Dale served as Assistant Curator, Curator, and Executive Director of the Sacramento Junior Museum of Natural Sciences, a small non-profit museum. His focus was directed toward educating children on the value of our natural resources and the need for their protection. He worked as a state park ranger in the California Redwoods and then was hired as a Recreation Planner for the California Department of Water Resources. The Sacramento District, Army Corps of Engineers, then initiated a park planning function and hired Dale as Chief of Recreation Planning. Later, he moved to the Ohio River Division, Corps of Engineers, as Chief of Environmental Planning and was subsequently selected as the first Chief of Recreation and Natural Resource Management for the Office of the Chief of Engineers in Washington, DC managing recreation and related resources at over 400 reservoirs.

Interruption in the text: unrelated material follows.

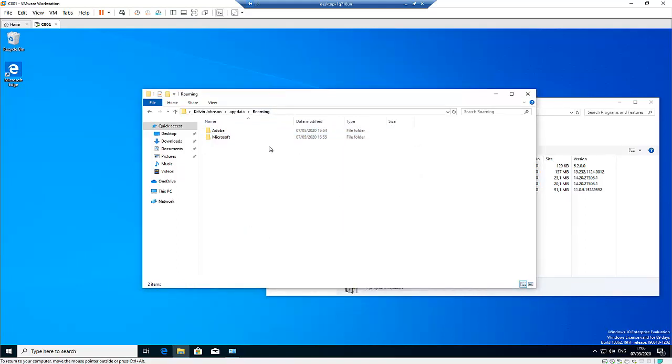Because if you don't delete this folder and you try to reinstall Citrix, so the previous information may still be held, which may still give you a problem when you try to open Citrix Receiver.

Dale was subsequently selected for the prestigious American Political Science Association Congressional Fellowship Program where he worked for Senator Dale Bumpers and on the staff of the National Parks Subcommittee chaired by Congressman Phillip Burton.  He was offered full-time employment after the fellowship, and when Bruce Vento assumed Chairmanship of the Subcommittee, he appointed Dale as Chief of Staff where Dale served an additional seven years in that capacity. 

Upon Dale’s retirement, Bruce Vento wrote in the Congressional Record:“Dale has been a leader, an innovator, a counselor, friend and educator for me and other Members of Congress and to numerous staff in both House and Senate. With his guidance, the subcommittee enacted more than 100 measures in the 100th Congress. Dale’s efforts took on special meaning during recent years in the establishment of two magnificent national parks, Great Basin National Park in Nevada and our most recent national park in American Samoa…Throughout his service in natural resources roles,…Dale Crane’s vision of our Nation’s natural resources has been forward looking to ensure these resources would be conserved and preserved today for American generations tomorrow.”

After retiring, Dale and his wife moved back to the Seattle area where he enjoys fishing, birding, and hiking in the beautiful Northwest and has served on the Advisory Committee for the National Park of American Samoa, Treasurer for the Seattle Institute for Cardiac Research, The Issaquah Park Board and as a volunteer at the Issaquah Salmon Hatchery.